Gleick addresses the tension arising from apparent acceleration in everyday life at the end of the twentieth century, our simultaneous unease with it and our demonstrated addiction to it. Along the way, he punctures exaggerated seriousness on both sides and takes a detached view of a phenomenon that produces nothing but hand-wringing.

The book is not systematic, nor is it mean to be. It is a relatively rapid tour of a number of related phenomena, all of which add up to the apparent acceleration of contemporary life. These items include the measurement of time, hard-driving personalities, the use of computers and other accelerating technologies, media changes, and the paradox of efficiency. Faster is terrific to read, and although it is fast, it does not sacrifice depth. Gleick returns to his themes in several variations, and notes sounded at the beginning play in the finale as well.

He begins in the Directorate of Time, an agency of the United States military devoted to the precise measurement of time. The Directorate maintains a large number of atomic clocks, consults with comparable observatories around the world, and a standard international time is promulgated by the Bureau International des Poids et Mesures in Paris. They're measuring in nanosecond precision, an inhuman time scale, but one that matters in today's world. It matters for signals from the Global Positioning Satellite system; it matters for anyone trying to squeeze more bandwidth into mobile phone signals.

While nanosecond precision makes some of our wondrous technology possible, in everyday life we are confronted by the simultaneous appearance of speed and congestion. The Concorde could, until recently, fly travelers across the Atlantic in three hours and forty-five minutes. Getting in from Heathrow or JFK could take a significant fraction of the same period. The addition of a relatively small number of cars tips urban centers from movement to gridlock. And phone networks allow instant connections - to customer service queues.

The advantages of speed are not small. Gleick writes, "A study widely quoted among management consultants found that products coming in 50 percent over budget are far more profitable than products coming in six months late." McDonald's, Federal Express, and the dozens of one-hour photo businesses, to name obvious examples, have all reaped enormous rewards from both servicing and inducing our need for speed.

With that need, and the underlying drive for efficiency, comes the paradox of efficiency. Inefficient enterprises have, by definition, more slack in them to cope with surprises. As networks, firms, societies, markets become more efficient, they eliminate this slack and couple one event more tightly with another. (Edward Teller discusses this more deeply in Why Things Bite Back.)

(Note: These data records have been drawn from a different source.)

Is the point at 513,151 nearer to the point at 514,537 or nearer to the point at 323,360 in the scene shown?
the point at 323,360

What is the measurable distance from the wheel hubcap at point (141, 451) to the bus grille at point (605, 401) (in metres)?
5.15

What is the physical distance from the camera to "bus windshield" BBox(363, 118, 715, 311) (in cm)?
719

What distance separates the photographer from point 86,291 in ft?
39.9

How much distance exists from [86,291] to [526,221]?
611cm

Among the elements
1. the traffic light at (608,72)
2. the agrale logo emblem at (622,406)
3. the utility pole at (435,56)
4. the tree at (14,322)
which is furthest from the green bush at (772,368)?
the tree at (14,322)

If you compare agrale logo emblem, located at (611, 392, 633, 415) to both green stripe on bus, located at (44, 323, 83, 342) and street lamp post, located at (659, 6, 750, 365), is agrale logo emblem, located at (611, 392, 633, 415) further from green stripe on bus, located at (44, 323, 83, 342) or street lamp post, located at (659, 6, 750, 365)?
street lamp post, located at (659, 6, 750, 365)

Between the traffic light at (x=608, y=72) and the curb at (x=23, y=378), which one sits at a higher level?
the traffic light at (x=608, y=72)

While the suspicion lurks in intellectual corners that companies create haste to serve their bottom line, there is ample evidence that people adapt to and enjoy speed. In 1901, H.G. Wells wrote in a short story, "Imagine yourself with a little phial, and in this precious phial is the power to think twice as fast, move twice as quickly, do twice as much work in a given time as you could otherwise do," a formulation as tempting then as it would be now. In a daily display of impatience, the "Close Door" button is often the one most used on elevators. In big cities in the early part of the twentieth century, as many as one phone call in ten may have been a request for the current correct time.

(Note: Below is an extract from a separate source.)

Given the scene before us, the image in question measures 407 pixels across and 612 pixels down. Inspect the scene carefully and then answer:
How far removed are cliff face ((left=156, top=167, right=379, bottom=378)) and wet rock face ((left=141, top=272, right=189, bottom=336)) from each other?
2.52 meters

Gleick points the finger squarely, "We complain about our oversupply of information. We treasure it nonetheless. We aren't shutting down our E-mail addresses. On the contrary, we're buying pocket computers and cellular modems and mobile phones ... Without these information sources we would feel sensory deprivation, as if stripped of our hearing aids and corrective lenses." Just a fast couple of paragraphs later he adds, "Every time we curse the overflowing in-box and pass another chain-mail joke along, we expose a disparity between how we feel and how we act. ... We like the E-mail. We like the connectedness. We do not seem interested in an about-face toward the simpler lives we recall with that rosy, nostalgic glow. Our speedy, in-touch lives can feel good in their own way."

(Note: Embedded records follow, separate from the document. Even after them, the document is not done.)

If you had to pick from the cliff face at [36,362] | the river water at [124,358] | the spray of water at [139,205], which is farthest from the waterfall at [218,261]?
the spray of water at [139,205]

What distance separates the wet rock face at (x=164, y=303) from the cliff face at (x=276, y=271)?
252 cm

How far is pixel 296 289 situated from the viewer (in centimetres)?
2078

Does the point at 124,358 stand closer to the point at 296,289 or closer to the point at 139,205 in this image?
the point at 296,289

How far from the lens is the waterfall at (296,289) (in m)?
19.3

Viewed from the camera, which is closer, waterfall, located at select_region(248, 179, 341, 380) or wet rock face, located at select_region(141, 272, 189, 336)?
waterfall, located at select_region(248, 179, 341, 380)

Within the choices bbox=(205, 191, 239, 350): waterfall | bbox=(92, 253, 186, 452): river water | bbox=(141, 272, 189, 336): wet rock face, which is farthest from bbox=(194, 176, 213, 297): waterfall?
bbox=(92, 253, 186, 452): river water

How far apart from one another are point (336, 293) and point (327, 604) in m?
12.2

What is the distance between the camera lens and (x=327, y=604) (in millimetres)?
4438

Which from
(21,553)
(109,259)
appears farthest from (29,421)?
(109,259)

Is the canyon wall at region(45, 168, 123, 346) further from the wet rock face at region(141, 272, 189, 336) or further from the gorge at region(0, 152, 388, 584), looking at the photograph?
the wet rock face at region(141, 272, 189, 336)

In one of the book's crisper insights, he points out how older times only look slower in retrospect. If someone who has ridden a horse for twenty years before the invention of automobiles suddenly starts driving, that not only increases the person's speed of travel, it makes the old mode something it had not been before - slow. Gleick adds, "Peering back through history, we see scenes in a kind of slow motion that did not exist then. We have invented it."

Gleick illuminates with anecdotes, and does not intend to reach an absolute conclusion about what is right. He ackknowledges the paradoxes of accelerated living: "If the minute hands, or even the second hands, could be legislated off our watches, we would suffer. We might relax, but we would suffer anyway."